Presently before the Court is a motion by the Commissioner for
judgment on the pleadings pursuant to Federal Rule of Civil
Procedure ("Fed.R. Civ. P.") 12(c).
A. Procedural History
On August 7, 1991, Randazzo filed an application for widow's
insurance benefits with the Department of Health and Human
Services This application was denied on September 7, 1991 on the
basis that the plaintiff was not married to Stephen Randazzo
("Wage Earner") for at least nine months before the date of his
death as required by the Act. On November 28, 2000, the plaintiff
requested that the decision denying her benefits be reopened.
After her application was denied, the plaintiff requested an
administrative hearing. On September 30, 2002, a hearing was held
before Administrative Law Judge Emanuel Poverstein (the "ALJ").
At the hearing, the plaintiff was represented by an attorney.
In a decision dated October 16, 2002, the ALJ found that
Randazzo was married to the Wage Earner for less than the nine
months required by the Act to receive widow's benefits and that
she failed to sustain her burden of proving that was entitled to
a waiver of the nine-month requirement. Subsequently, Randazzo
filed a request for review with the Appeals Council. On February
5, 2003, the Appeals Council denied the plaintiff's request for a
review, making the ALJ's decision the final administrative
determination. This appeal followed.
1. Randazzo's letter to the ALJ
Prior to the hearing, by letter dated September 12, 2002,
Michael Sullivan, Esq., counsel for Randazzo, submitted a letter
to the ALJ to which an unsigned statement by Randazzo was
affixed.
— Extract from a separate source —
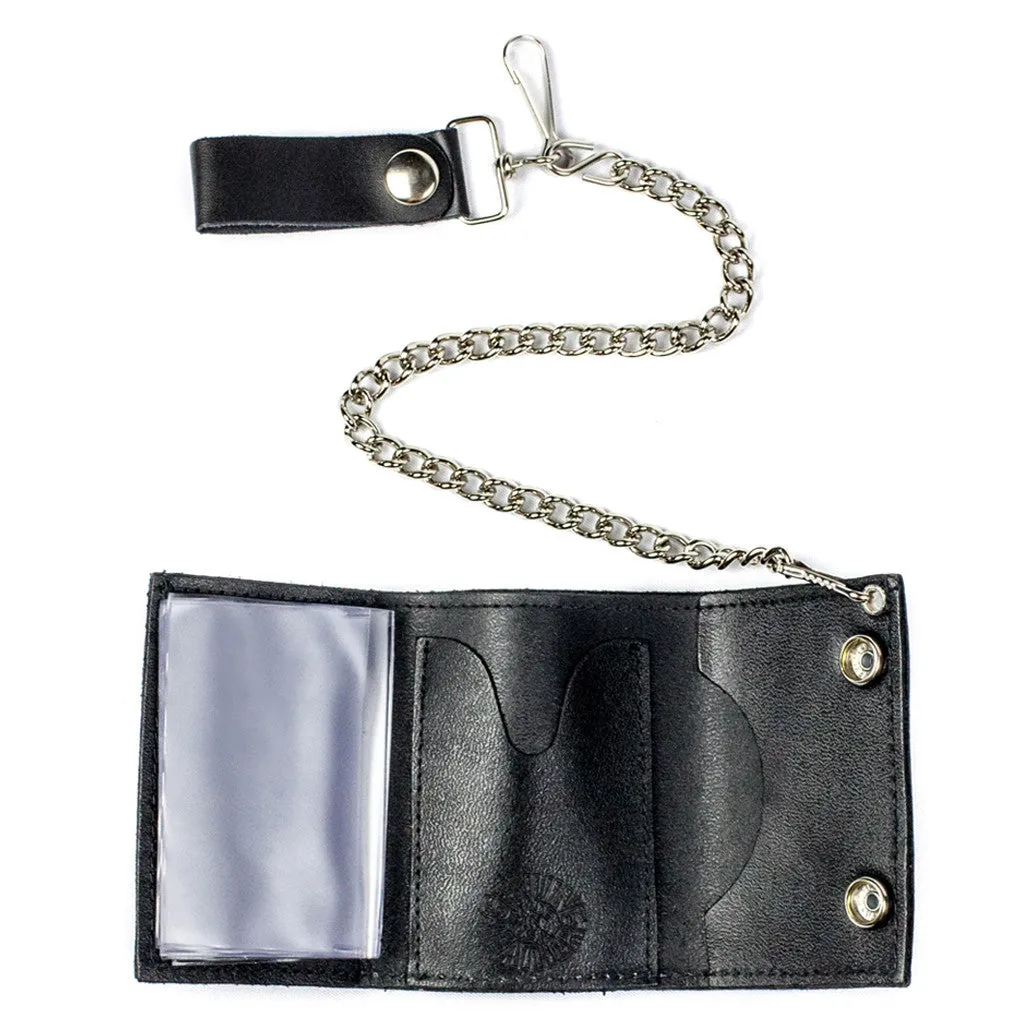 TC304C-188  Tri-Fold Wallet w/ Chain- Checkered Flame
In this statement, the plaintiff explained that she and
the Wage Earner were planning to be married in June 1972. Just
before this date, Dr. Leonard Birch, since deceased, diagnosed
Mr. Randazzo with cancer and stated that the cancer "would
probably cause his death in about one year." Despite this
prognosis, the plaintiff and the Wage Earner were married in July
1972. On September 20, 1972, Mr. Randazzo fell down a flight of
stairs and fractured his left femur. On September 26, 1972, after
six days of hospitalization, Mr. Randazzo passed away. The
plaintiff stated in her letter that "because of the cancer, he
was not able to overcome the injuries sustained in his fall."
2. Randazzo's Testimony at the Hearing
The plaintiff testified that she was born on February 6, 1929
and completed two years of college in Europe. On July 27, 1972,
the plaintiff married Stephen Randazzo. On September 24, 1972,
Mr. Randazzo passed away. The plaintiff currently receives $116
per month from Social Security based on her own work history. The
plaintiff does not receive any Public Assistance nor does she
have any other sources of monthly income.
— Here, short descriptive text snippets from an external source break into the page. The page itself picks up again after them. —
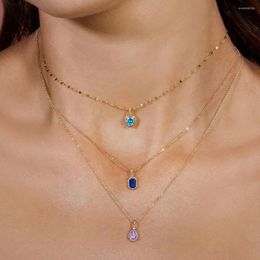 Pendant Necklaces Elegant Colourful Zircon Necklace Perfect For Business Formal Events Sophisticated Jewellery Women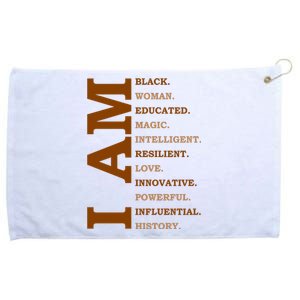 I Am Black Powerful Pride Quote Grommeted Golf Towel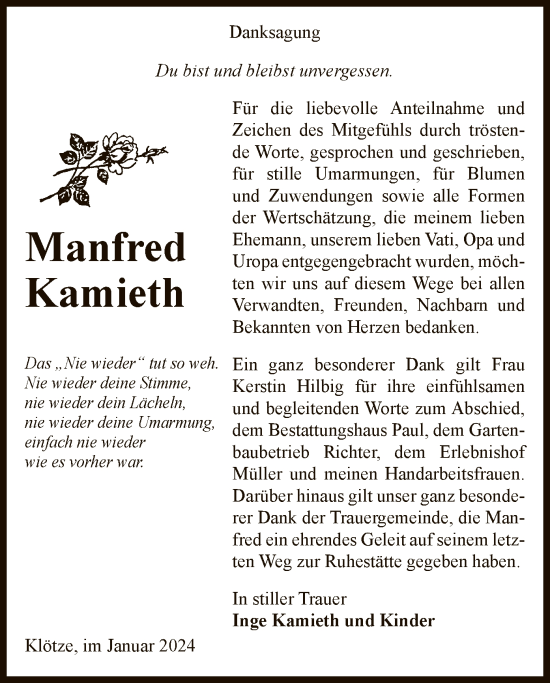 Todesanzeige von Manfred Kamieth von UEL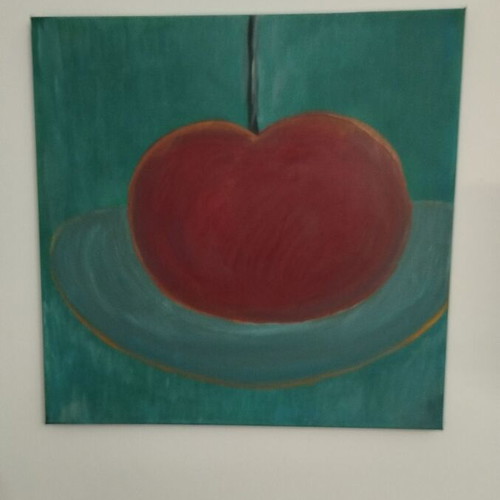 Painting on canvas 40x40 cm tempera unique handmade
The plaintiff was supposed to marry Mr. Randazzo at the end of
June. Towards the end of June 1972, Mr. Randazzo was diagnosed
with lung cancer. Prior to their wedding date, Mr. Randazzo was
admitted to the hospital for tests and was diagnosed with lung
cancer. Thereafter, on July 27, 1972, the plaintiff married Mr.
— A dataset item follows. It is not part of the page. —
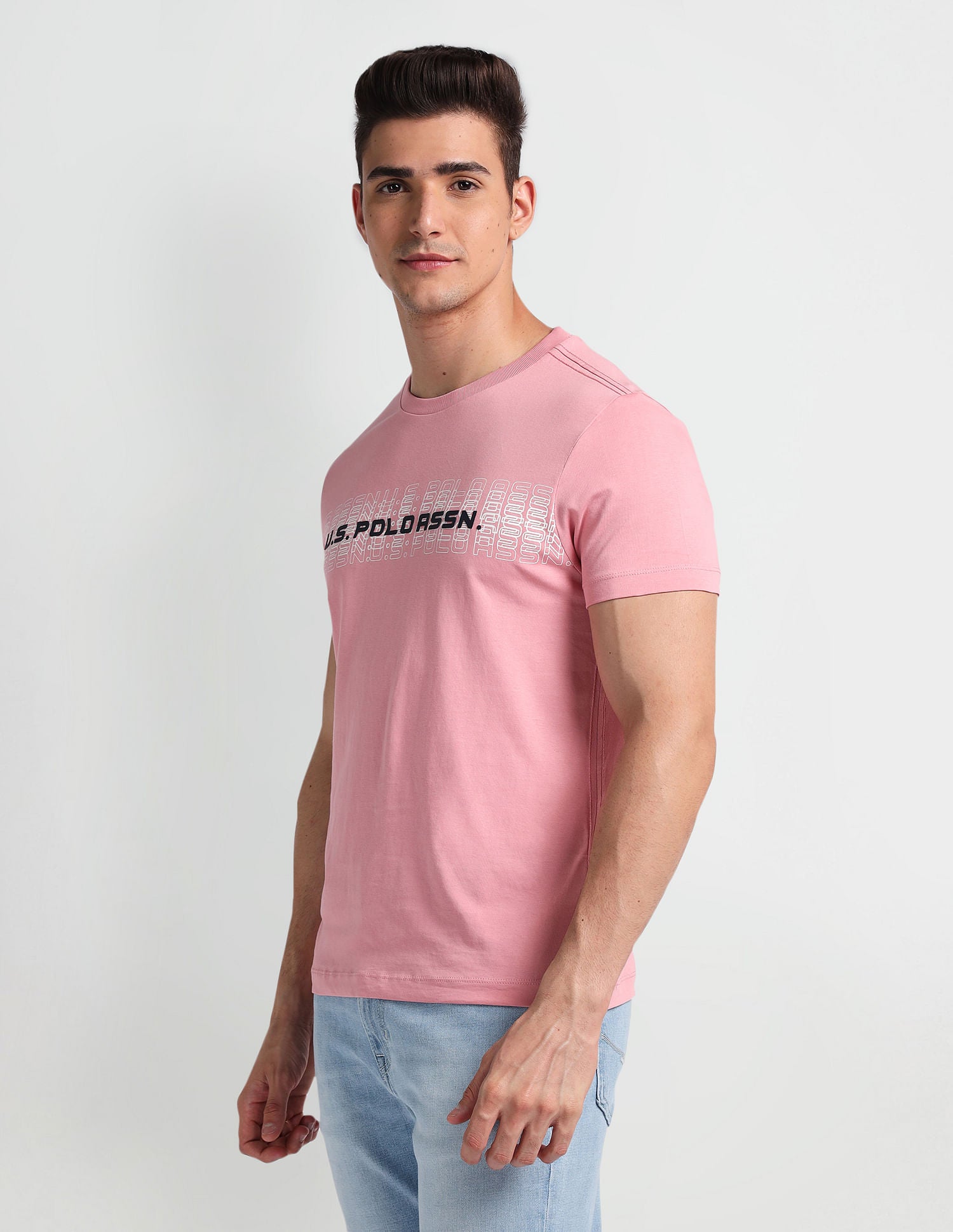 Muscle Fit Brand Print T-Shirt Pink - U.S. Polo Assn. India | Large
Randazzo. At some point prior to September 18, 1972, Mr. Randazzo
told the plaintiff that he could live eight months to one year.
On September 18, 1972, Mr. Randazzo fell down a flight of stairs
and was hospitalized for six days. Ms. Randazzo testified that on
September 24, 1972, Mr. Randazzo passed away while in the
hospital. Ms. Randazzo stated that the fall "aggravated this
3. Other Documentation in the Record
a. Application for Widow's or Widower's Insurance Benefits
On August 6, 1991, the plaintiff completed an "Application for
Widow's Insurance Benefits." In this application, the plaintiff
indicated that the Wage Earner was born on April 24, 1923 and
died on September 26, 1972. Also, it stated that the Wage
Earner's previous marriage ended in divorce on January 15, 1972.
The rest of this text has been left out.